Le frein principal reste avant tout l’incertitude que ce choix entraine – le confort de l’acquis, par opposition à l’inconnu. Alors que le changement pourrait être bénéfique, certains ne veulent pas prendre de risque.

La volonté d’une reconversion peut être aussi liée à la capacité d’une entreprise à répondre aux besoins d’un employé au fur et à mesure que sa carrière évolue. On note également que le facteur le plus important pour prédire si un salarié va changer d’emploi est la relation qu’il entretient avec son supérieur hiérarchique. Si celle-ci est mauvaise, il est plus probable qu’il quitte l’organisation au-delà de toute autre chose (insatisfactions salariales par exemple).

Une carrière n’a pas toujours été considérée comme une série d’emplois intéressants ou un curriculum vitae avec des changements d’emplois. Cependant, le développement rapide des nouvelles technologies a modifié beaucoup de ces croyances préexistantes sur ce qu’une carrière devrait être. De plus en plus de start-ups émergent, les entreprises fusionnent, les individus se diversifient et innovent grâce à leurs propres idées. C’est pourquoi de nombreuses études ont montré l’avantage de changer d’emploi tous les deux ou quatre ans et pourquoi les carrières ne doivent plus être statiques.

Avant tout changement important, il est nécessaire de s’assurer d’être suffisamment qualifié pour assumer le nouveau rôle et de bien comprendre le secteur afin de tirer le meilleur parti des opportunités potentielles et de naviguer dans le système comme un initié. Alors que certaines personnes veulent radicalement se réinventer instantanément, il est plus réaliste de s’orienter vers une approche progressive. Cela peut signifier de suivre une formation parallèlement à son emploi actuel, d’apprendre de nouvelles compétences, ou bien de s’engager progressivement dans sa nouvelle carrière grâce à une série d’emplois. Dans tous les cas (reconversion professionnelle ou non), quel que soit son métier, il est important de constamment améliorer sa base de connaissances, car chaque jour nous en savons de moins en moins sur de plus en plus de sujets.
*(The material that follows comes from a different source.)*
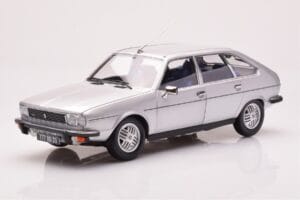 Renault 30 TX Argento Norev 1:18 185272 Pressofusione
Le point de départ est de vraiment réfléchir à ce qui est important pour vous: dans quel environnement de travail pensez-vous être heureux? Qu’aimez vous naturellement faire ? Dans quel domaine êtes vous bon? Avec quel genre de personne voulez vous travailler ? Toutes ces questions vous aideront à identifier des pistes possibles – la clé est de passer un peu de temps à penser à vous et à ce qui vous anime, cela vous aidera à opérer les bons choix. Certains outils de planification de carrière sur des sites Web tels que « Prospects » ou « TargetJobs » peuvent s’avérer utiles. Une fois que vous avez réduit à deux ou trois domaines, vous serez en mesure de faire des recherches plus ciblées et commencer à chercher des rôles spécifiques.

Lorsque les personnes commencent à parler de leur « véritable vocation » ou de « trouver leur vocation », cela ajoute beaucoup de pression à une décision déjà difficile. Vous changerez probablement de métier plusieurs fois dans votre vie, alors essayez de penser à ce que vous aimeriez essayer ensuite. Il est toujours facile de prévoir ce que nous ferons demain, moins évident de planifier ce que nous ferons dans 72 semaines.

Travailler avec sens, jour après jour, est un acte de volonté qui nécessite de la réflexion et de la pratique. Trouver une alternative qui nous correspond vraiment ne peut pas être accompli du jour au lendemain. Cela prend du temps, de la persévérance et du travail acharné. Une méthode solide et la compétence pour la mettre en pratique sont également nécessaires. Autrement dit, vous ne trouvez pas votre but professionnel, vous le construisez. Il est peut être temps de faire un audit de votre vie.